*Instructions to follow:*
All entries below must be written out verbatim, and the images must be dropped.

Captioned web image data
--- START ---

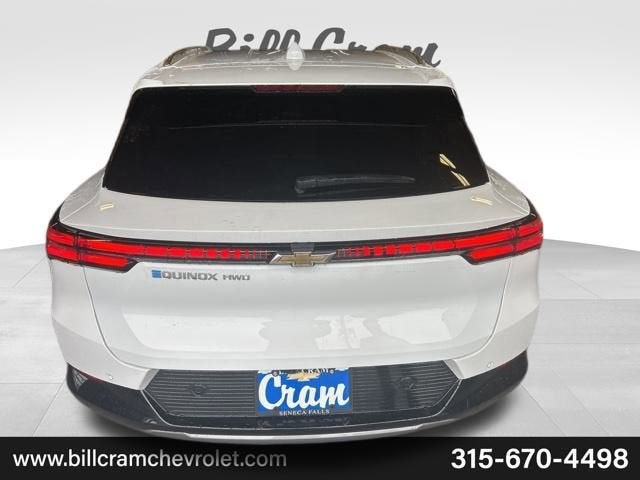 2025 Chevrolet Equinox EV LT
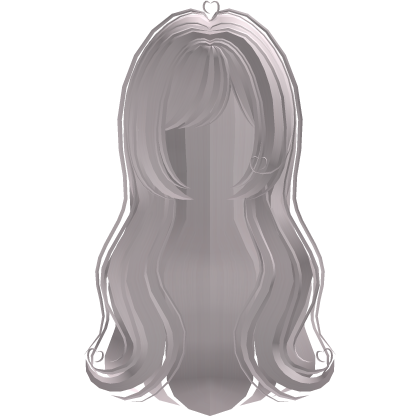 sweet long wavy adorable doll hair in pink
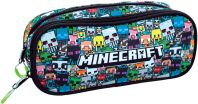 Minecraft Chibi 26 Κασετίνα Οβάλ (316-04144) (0)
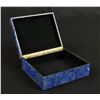 Image 2 : Lapis Lazuli Inlay Stone Jewelry Trinket Box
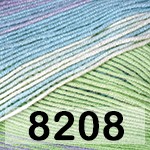 8208 БЕЛ.ГОЛУБ.ЗЕЛ.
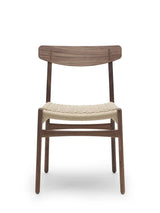 CH23 Matstol, valnötsolja av Hans J. Wegner - 1 - Jacobsen Plus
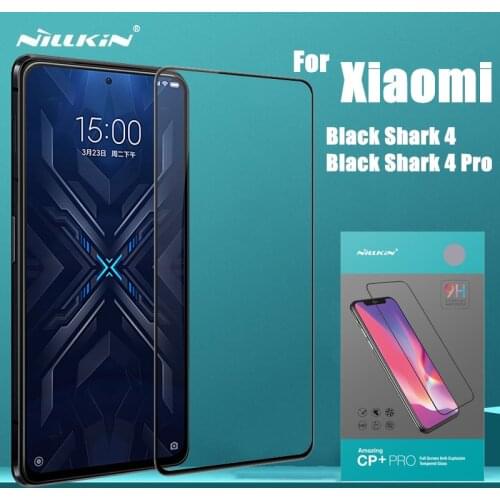 For Xiaomi Black Shark 4 pro Tempered Glass Mi BlackShark 4 Glass Nillkin CP+Pro 2.5D Full Cover Screen Protector
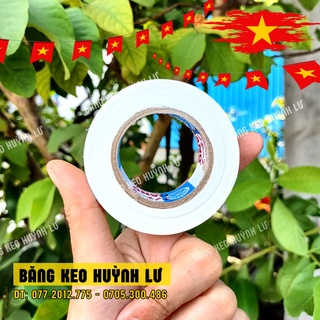Băng keo điện nano 20y nhiều màu - lẻ cuộn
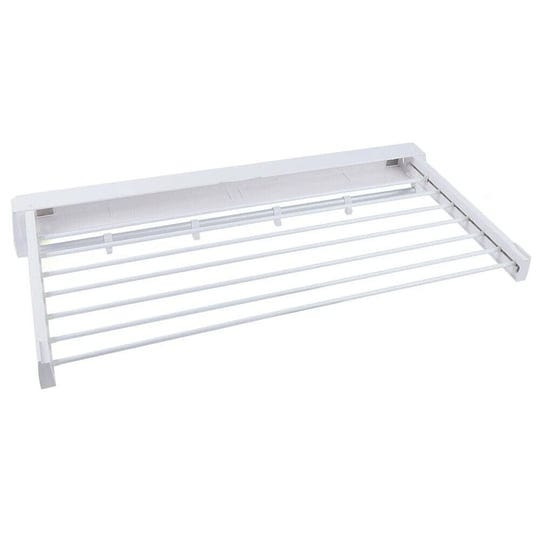 wall-mounted-laundry-clothes-shelf-drying-rack-folding-dryer-hanger-7-rod-2kg-extendable-clothes-air-1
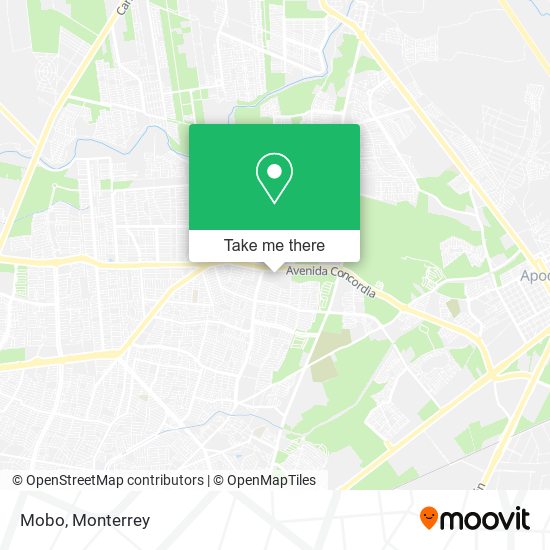 Mapa de Mobo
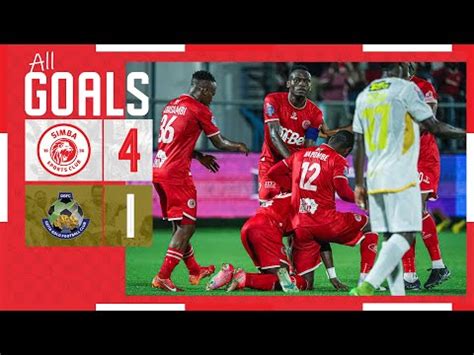 Highlights Magoli Yote Simba Sc Vs Geita Gold Ligi Kuu Ya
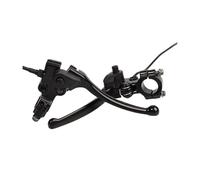Laikoutd Aluminum Alloy E-Bike Brake Levers Left/Right Set Ergonomic Corrosion-Resistant Handles for Precise Control Motorcycle Clutch and Handle Cover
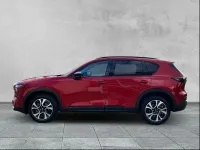 Gebraucht Mazda CX-5 Exclusive-Line 141 PS (103 kW) 2026 Rot SUV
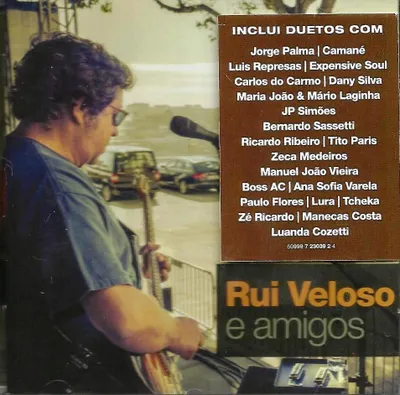 Immagine prodotto di RUI VELOSO - Rui Veloso e amici [CD]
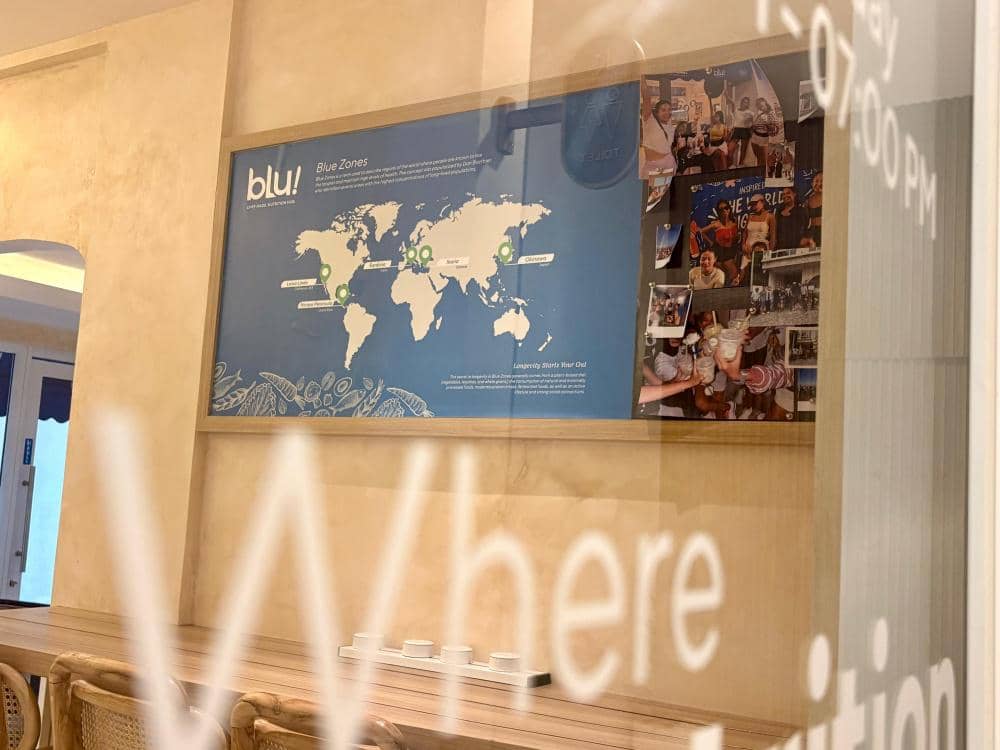 blu! Café & Sky Bar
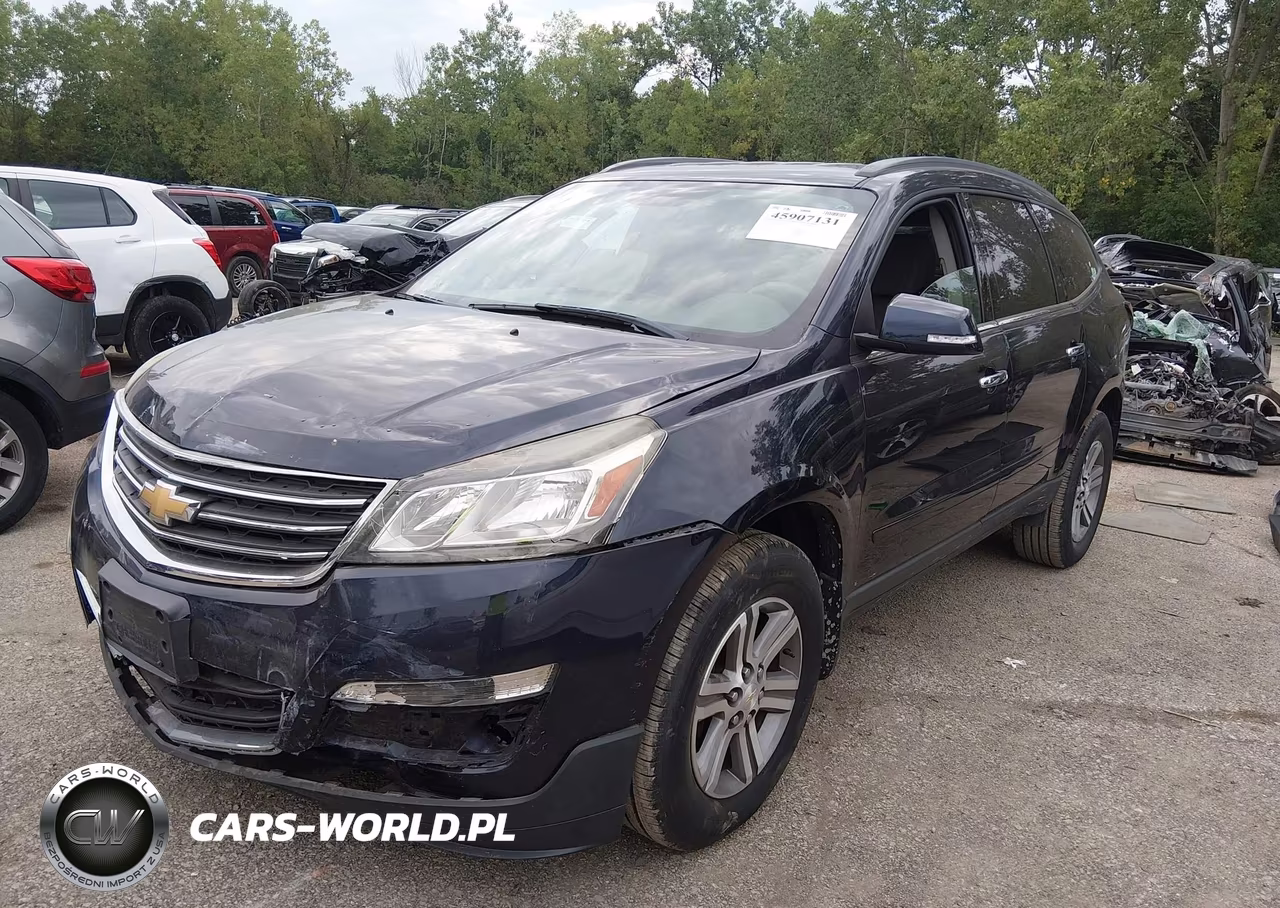 2016 Chevrolet Traverse 2Lt VIN:1GNKRHKD2GJ139281 - 2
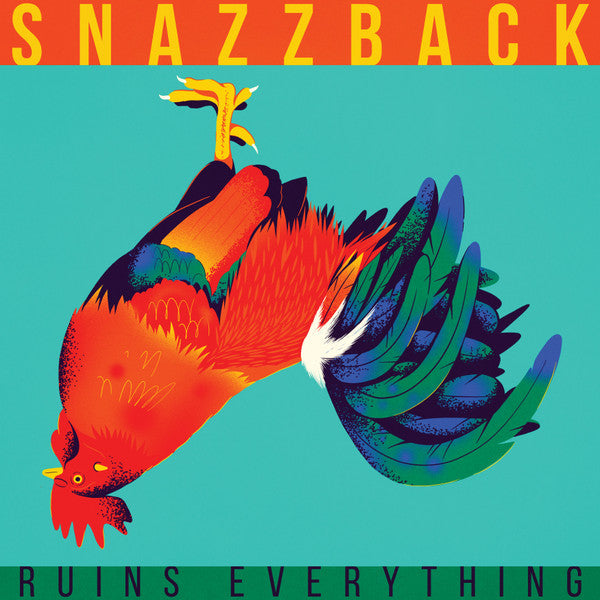 Snazzback – Ruins Everything, Worm Discs – WDSCS015 Vinyl LP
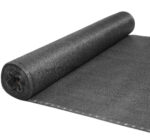 Varjutuskangas 1,5x25m 180/m2 hall 95% - Pilt 2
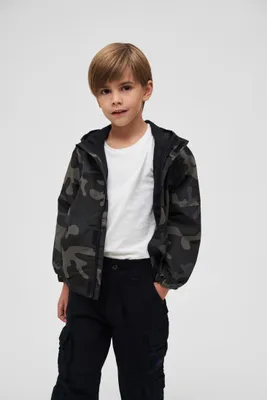 Immagine prodotto di Brandit Bambini Giacca a vento estiva Frontzip
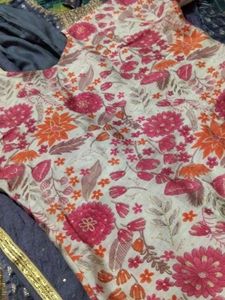 Floral Kurta Set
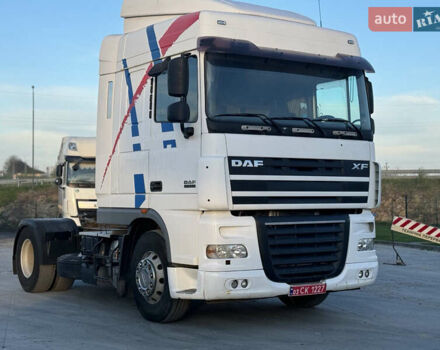 Белый Даф XF 105, объемом двигателя 12.9 л и пробегом 140 тыс. км за 9999 $, фото 9 на Automoto.ua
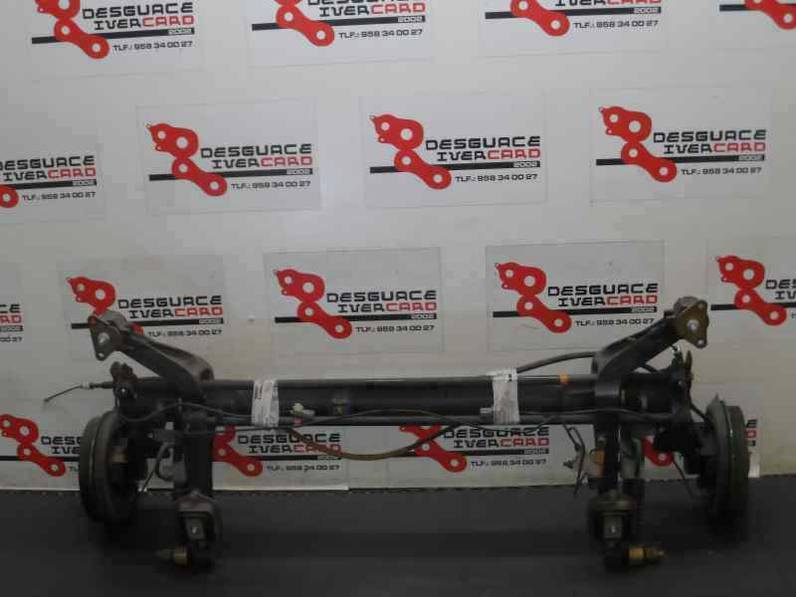 PUENTE TRASERO CITROEN XSARA PICASSO 2000 2.0 HDI (90 CV)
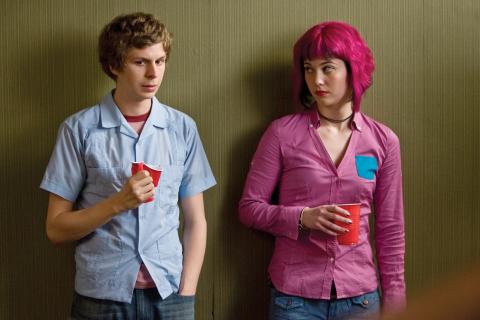 Scott Pilgrim a világ ellen film
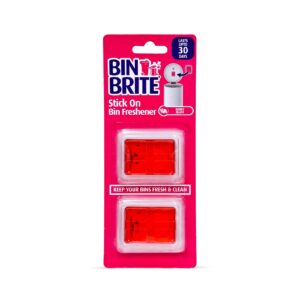 Bin Brite Stick On Freshener Berry Blast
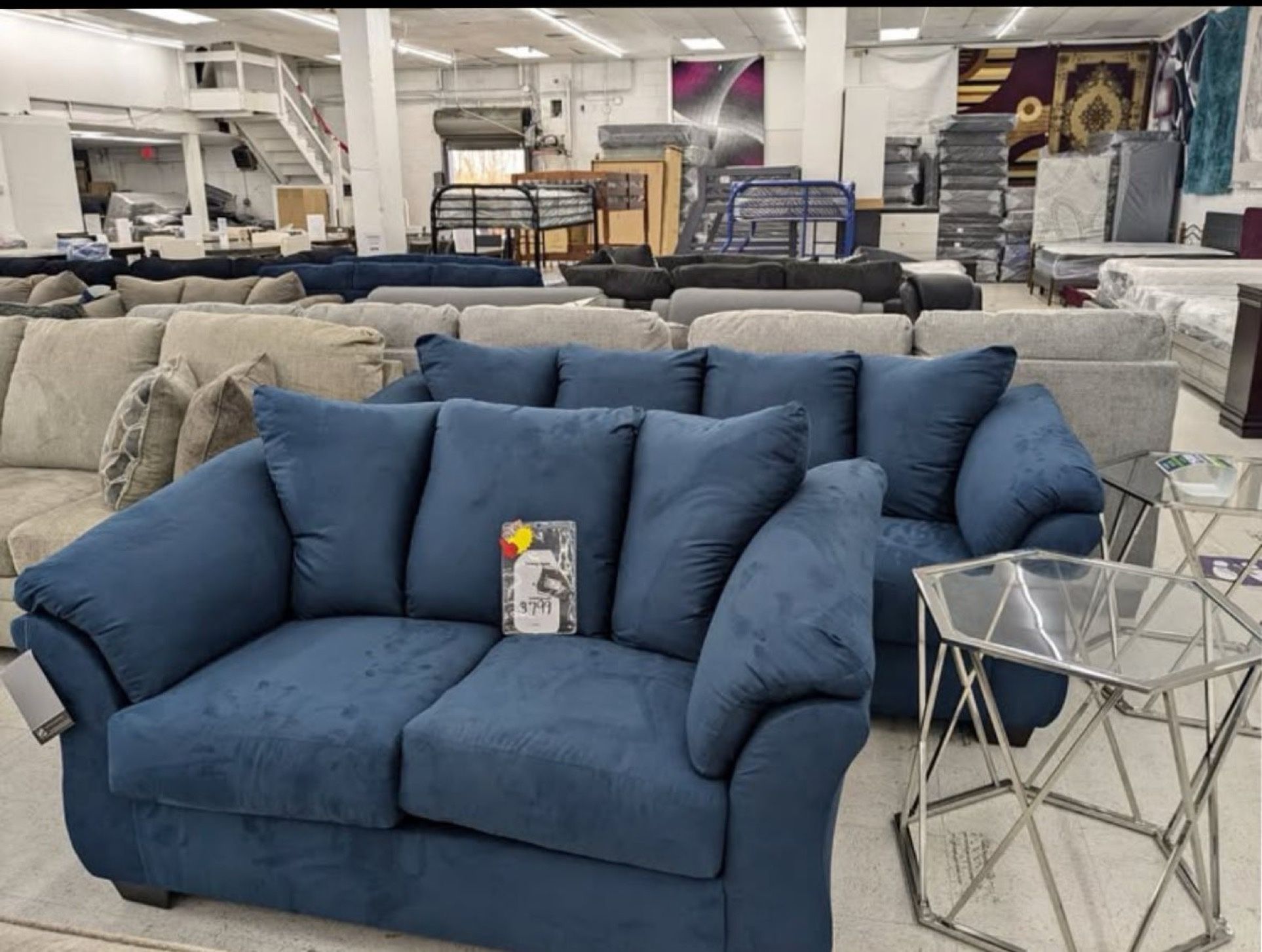 Brand New Sofa And Love Seat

--- END ---

*Solution:*
 2025 Chevrolet Equinox EV LT
 sweet long wavy adorable doll hair in pink
 Minecraft Chibi 26 Κασετίνα Οβάλ (316-04144) (0)
 Image 2 : Lapis Lazuli Inlay Stone Jewelry Trinket Box
 8208 БЕЛ.ГОЛУБ.ЗЕЛ.
 CH23 Matstol, valnötsolja av Hans J. Wegner - 1 - Jacobsen Plus
 For Xiaomi Black Shark 4 pro Tempered Glass Mi BlackShark 4 Glass Nillkin CP+Pro 2.5D Full Cover Screen Protector
Băng keo điện nano 20y nhiều màu - lẻ cuộn
 wall-mounted-laundry-clothes-shelf-drying-rack-folding-dryer-hanger-7-rod-2kg-extendable-clothes-air-1
 Mapa de Mobo
 Highlights Magoli Yote Simba Sc Vs Geita Gold Ligi Kuu Ya
Laikoutd Aluminum Alloy E-Bike Brake Levers Left/Right Set Ergonomic Corrosion-Resistant Handles for Precise Control Motorcycle Clutch and Handle Cover
 Gebraucht Mazda CX-5 Exclusive-Line 141 PS (103 kW) 2026 Rot SUV
 Immagine prodotto di RUI VELOSO - Rui Veloso e amici [CD]
 blu! Café & Sky Bar
 2016 Chevrolet Traverse 2Lt VIN:1GNKRHKD2GJ139281 - 2
 Snazzback – Ruins Everything, Worm Discs – WDSCS015 Vinyl LP
 Varjutuskangas 1,5x25m 180/m2 hall 95% - Pilt 2
 Immagine prodotto di Brandit Bambini Giacca a vento estiva Frontzip
 Floral Kurta Set
 Белый Даф XF 105, объемом двигателя 12.9 л и пробегом 140 тыс. км за 9999 $, фото 9 на Automoto.ua
 PUENTE TRASERO CITROEN XSARA PICASSO 2000 2.0 HDI (90 CV)
 Scott Pilgrim a világ ellen film
 Bin Brite Stick On Freshener Berry Blast
 Brand New Sofa And Love Seat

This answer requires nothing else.